Some visas, typically the employer sponsored visas, do require you to have a job, whilst the independent, family and state sponsored visas do not impose any requirement to have a job. However, there are other basic requirements that you would need to satisfy.


Due to the large number of migrants who move to Australia and already have a visa in hand with working rights, I found (at least for my profession) that employers are quire reluctant to offer sponsorship unless you operate in a niche market and/or have a specific skills set and vast amount of experience. I found it near impossible to get an interview (got only one!) unless you are in Oz (I was offered a few more interviews once employers found out I was in Oz but once they knew I did not have working rights, they were not that interested!). That said, there are people who have managed to secure sponsorship from abroad and simply transferred to Oz with their current employer.


----------



## goldenshine (Jun 18, 2011)

Thank you Maz for the reply. I will use the links you provided to see what I can learn  As far as the work thing it still baffles me. Did you not have working rights with your visa when you were in Oz? as you said they were not that interested. I know I have alot more reading up to do and see how I can do it. I will definitely go on the DIAC and the Visa Wizard though. 
Many Thanks again.


----------



## Guest (Jun 18, 2011)

Many people go to Aus on tourist visa thinking they will find a sponsor when there. Some (very few but highly skilled such as nurses) do manage it but most dont because employers want someone who can start asap. Not someone they have to wait months for them to get a visa.


----------



## goldenshine (Jun 18, 2011)

Ah right ok !! Well I think if I do this I will definitely do it the right way, as in at least applying for the right visa. By the looks of it I would have to apply for the migration skilled one even though I am not highly skilled as in a Doctor or Nurse. i do have a diploma but will see how the process goes anyway. Still reading lots and lots of info.  Thanks for replying Shel


----------



## irish family move to oz (Sep 12, 2010)

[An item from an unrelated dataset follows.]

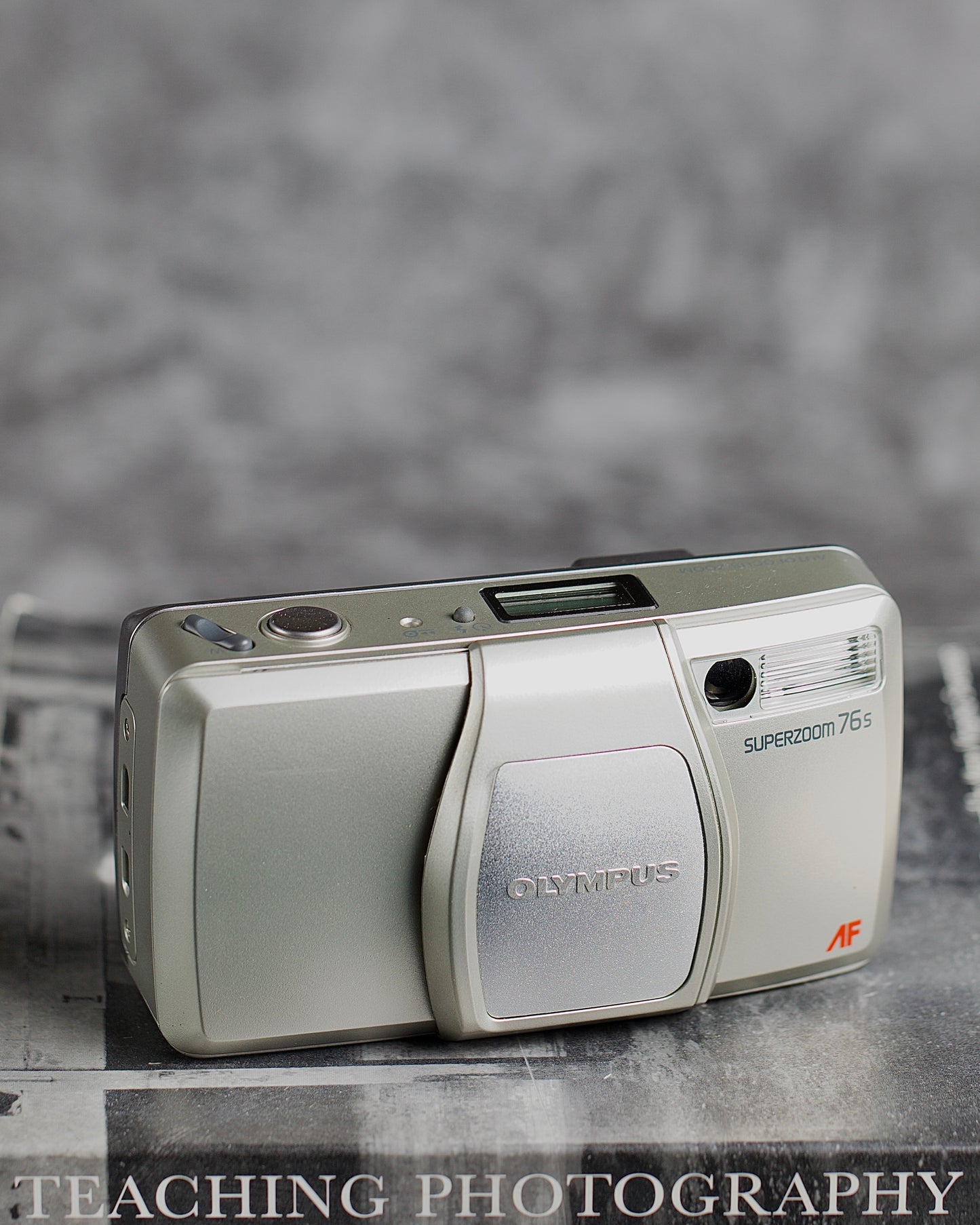 Olympus Superzoom 76S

hey ! im from Cork and im moving to Queensland in Aug !
I had great help from Skill Shortage Solutions
you can google them
best of luck !
stephanie


----------



## goldenshine (Jun 18, 2011)

Thank you Stephanie I will surely look into it. Good Luck with your big move, not long now


----------



## Guest (Jun 18, 2011)

They want everyone, trades esp over in queensland after the floods! If you can find a job willing to sponsor from the UK they could sponsor you for a temp visa 457.

Look on here to see if your type of work can be found where you were thinking of heading.

SEEK - Australia's no. 1 jobs, employment, career and recruitment site

Find Jobs. Build a Better Career. Find Your Calling. | CareerOne.com.au


----------



## irish family move to oz (Sep 12, 2010)

goldenshine said:


> Thank you Stephanie I will surely look into it. Good Luck with your big move, not long now


yeah not long, but seems like forever !
my hubby has been out there 2 weeks now and 
all i want to do is follow him out with our 2 kiddies !!
time is dragging here lol !
i had to book a trip to liverpool for a week ! we leave on sat haha
but aug wont come quick enough !
best of luck on your journey 
its very exciting !!!


----------



## goldenshine (Jun 18, 2011)

I am trained in Childcare. Early Childhood Care and Education so I am hoping to use that and continue working with children. Fingers crossed I can find someway of making it work  Thanks again for your help !!


----------



## goldenshine (Jun 18, 2011)

irish family move to oz said:


> yeah not long, but seems like forever !
> my hubby has been out there 2 weeks now and
> all i want to do is follow him out with our 2 kiddies !!
> time is dragging here lol !
> ...


I am sure it feels like that. Though it will be wonderful when you do get there. Wishing you all the very best


----------



## irish family move to oz (Sep 12, 2010)

no problem at all.
jason greene is fantastic at what he does. i wish you all the best
Phone: +353 21 484 0817
Email:[email protected] 

Office & Postal Address IRELAND: 
SKILL SHORTAGE SOLUTIONS
Rocksavage Business Centre 
Office 2, 21-22 Anglesea Street 
Cork
IRELAND


Postal Address AUSTRALIA: 
SKILL SHORTAGE SOLUTIONS
PO Box 108
Inglewood
WA 6932
AUSTRALIA

Opening Hours:
10am - 6pm Monday - Friday - (GMT) 
11pm - 2am Sunday - Thursday - (GMT)


----------



## goldenshine (Jun 18, 2011)

Oh wow thats great  Such a help. It was definitely worth signing up to this website this morning. plenty to look into now and I will have a better idea by the end of the day what is involved. Though having friends who are going to Melbourne this year will certainly give me the encouragement to get out there next year. Just hope it will materialise ..... Fingers crossed.


----------



## irish family move to oz (Sep 12, 2010)

fingers crossed for u !!!
who knows we could be sipping drinks at a barbi some evening together hahaha x


----------



## goldenshine (Jun 18, 2011)

Lol  
I am just getting excited at the thought of doing it !! I love being back home in Ireland after being away but there are nooooooooooooo jobs  Time to prepare to leave again I reckon. Good Luck with it all !!


----------



## Maz25 (Jul 6, 2008)

_shel said:


> Many people go to Aus on tourist visa thinking they will find a sponsor when there. Some (very few but highly skilled such as nurses) do manage it but most dont because employers want someone who can start asap. Not someone they have to wait months for them to get a visa.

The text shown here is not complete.